Ante los rumores que circulan sobre la posible renuncia de Mons. Strickland bajo la solicitud de la Santa Sede, el cardenal alemán hizo un llamado a la resistencia y afirmó:

«Si pudiera aconsejar al obispo Strickland, definitivamente no debería dimitir, porque así pueden lavarse las manos».
El cardenal Müller subrayó la necesidad de la justicia en el proceso de destitución de un obispo, argumentando que:
«Un obispo solo puede ser destituido por el Papa según los dictados de la justicia si ha sido culpable de algo malo (herejía, cisma, apostasía, un delito o un comportamiento totalmente no sacerdotal), por ejemplo, la pseudo bendición de personas de ambos sexos o de un sexo en relaciones extramatrimoniales que ofende a Dios y defrauda a las personas de su salvación».

Además, advirtió sobre las graves implicaciones de una destitución arbitraria de un obispo, sosteniendo que:

«La destitución arbitraria como obispo de una diócesis en la que un obispo es nombrado por el propio Cristo como su propio pastor socava la autoridad del papa, como ocurrió históricamente con el indigno abuso del cargo bajo el papado aviñonés (Esta pérdida de confianza fue una de las principales razones de la ruptura del cristianismo de la Reforma con la Iglesia católica y su odio al papa, que, con sus acciones arbitrarias, se había puesto en el lugar de Dios)».

El cardenal alemán hizo hincapié en que, según la doctrina católica, «el Papa no es en absoluto el Señor de la Iglesia, sino solo, como representante de Cristo para la Iglesia universal, el primer servidor de su Señor, que tuvo que decir a Simón Pedro, que acababa de ser nombrado roca de la Iglesia: ‘Apártate de mí (ital.
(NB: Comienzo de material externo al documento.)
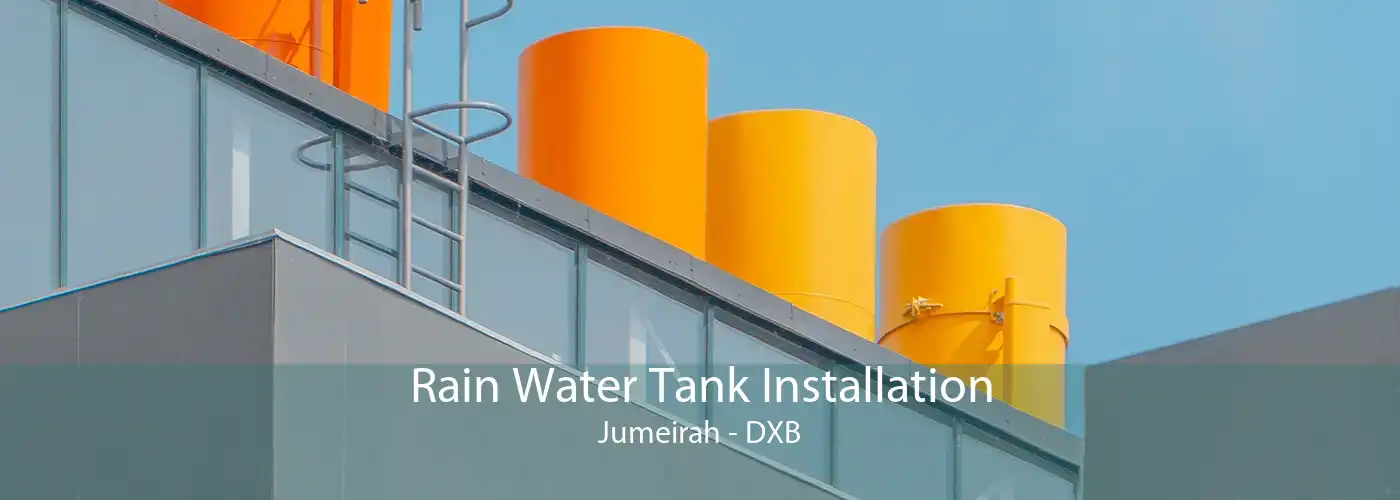 Rain Water Tank Installation Jumeirah - DXB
Indietro, el verdadero indietrismo), pues no piensas en lo que Dios quiere, sino en lo que quieren los hombres’ (Mt 16,23)».

El cardenal Müller desafió la percepción de que el Papa posee una autoridad monárquica absoluta y expresó su preocupación de que los buenos obispos sean acosados mientras los obispos herejes e inmorales queden impunes, afirmando que:

«El Papa no tiene autoridad de Cristo para acosar e intimidar a los buenos obispos según el ejemplo de Cristo, el Buen Pastor, que, de acuerdo con el ideal episcopal del Vaticano II, santifican, enseñan y guían al rebaño de Dios en nombre de Cristo, solo porque los falsos amigos denuncian a estos buenos obispos a Francisco como enemigos del Papa, mientras que los obispos herejes e inmorales pueden hacer lo que quieran, o que cada día acosan a la Iglesia de Cristo con otra tontería».